Around the time we hit a couple dozen people, we were moving fast and trying to build out a real sales motion. We had an executive who had done it before, had been a CEO, and had run this exact stage for other companies. It made sense to me and the board to hand him the reins. It seemed like a smart play to accelerate the business.
It didn’t work out. Over time our working styles and visions for the company diverged, and I learned that experience alone isn’t a substitute for alignment on values and direction.
Looking back, the lesson is that you can’t outsource the CEO role. You can hire great executives, but the founder has to stay in the driver’s seat on vision and direction. If you’re feeling gaps in your leadership, find mentors and advisors who can help you grow into the role — don’t hand it off.
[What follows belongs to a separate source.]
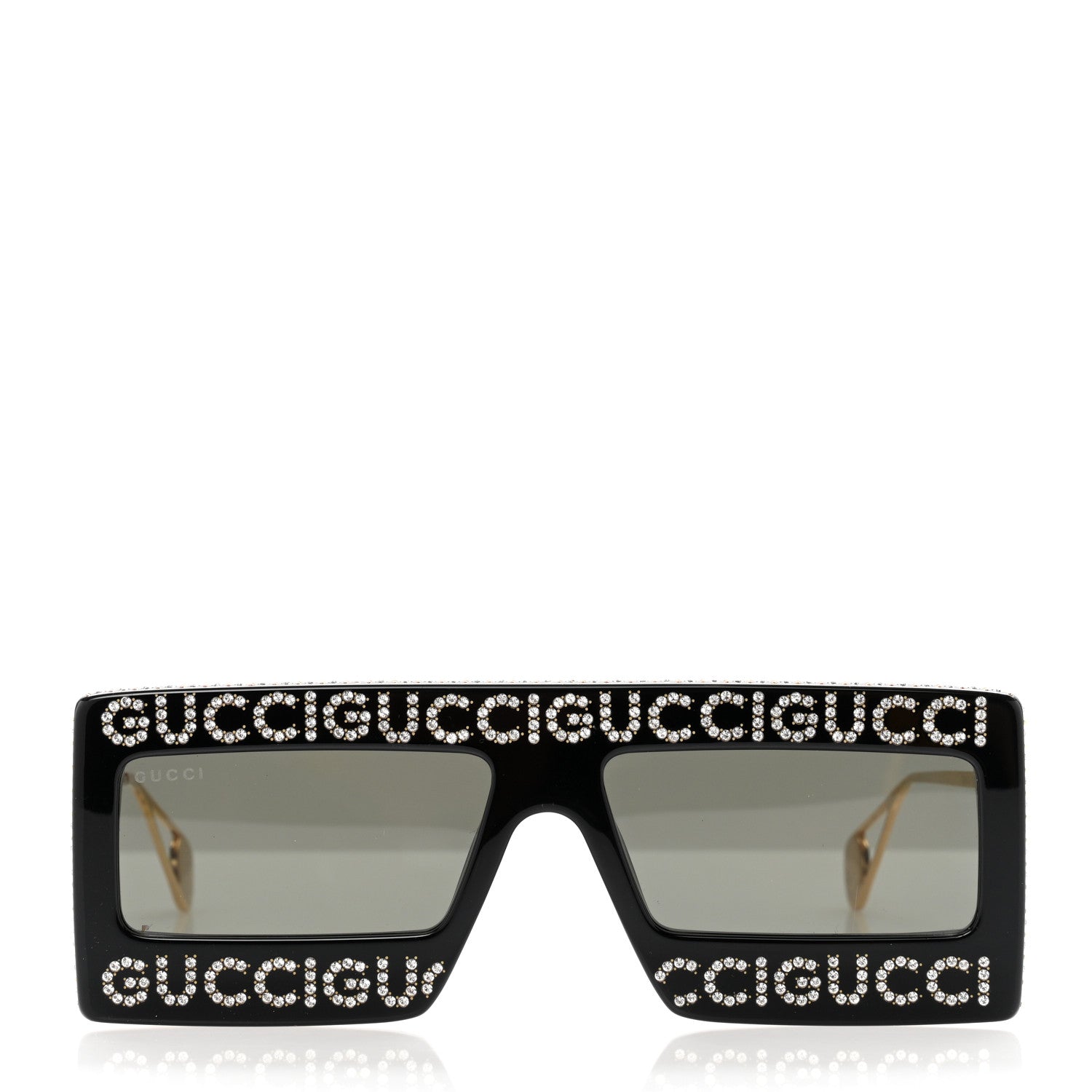 Gucci Acetate Crystal Mask-Frame Sunglasses GG0431S Black 2 of 8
#9 Think hard before you drop out of school
Dropping out was a calculated risk. The business was taking off, and I knew the four years I’d otherwise spend in classes were the best point in my life to go all-in. I didn’t have kids, a mortgage, or other obligations yet.
Looking back, I think dropping out was the right decision for me. But I don’t think it’s the right decision for everyone and it’s almost encouraged a bit too much by the entrepreneurial blogosphere these days. The benefits of staying in school are that you are going to learn a ton of fundamentals. Things like finance, accounting, and general management are good to know. On top of that, school is the best place to meet like-minded, smart, and hard-working individuals. People that can be future co-founders or employees.
So think hard before you drop out. I would encourage other young entrepreneurs to stick through school as long as you can. Soak up knowledge and connections while you are there. You may meet your future co-founder there. And don’t forget, it will most definitely be that much harder to go back later if you do decide to drop out.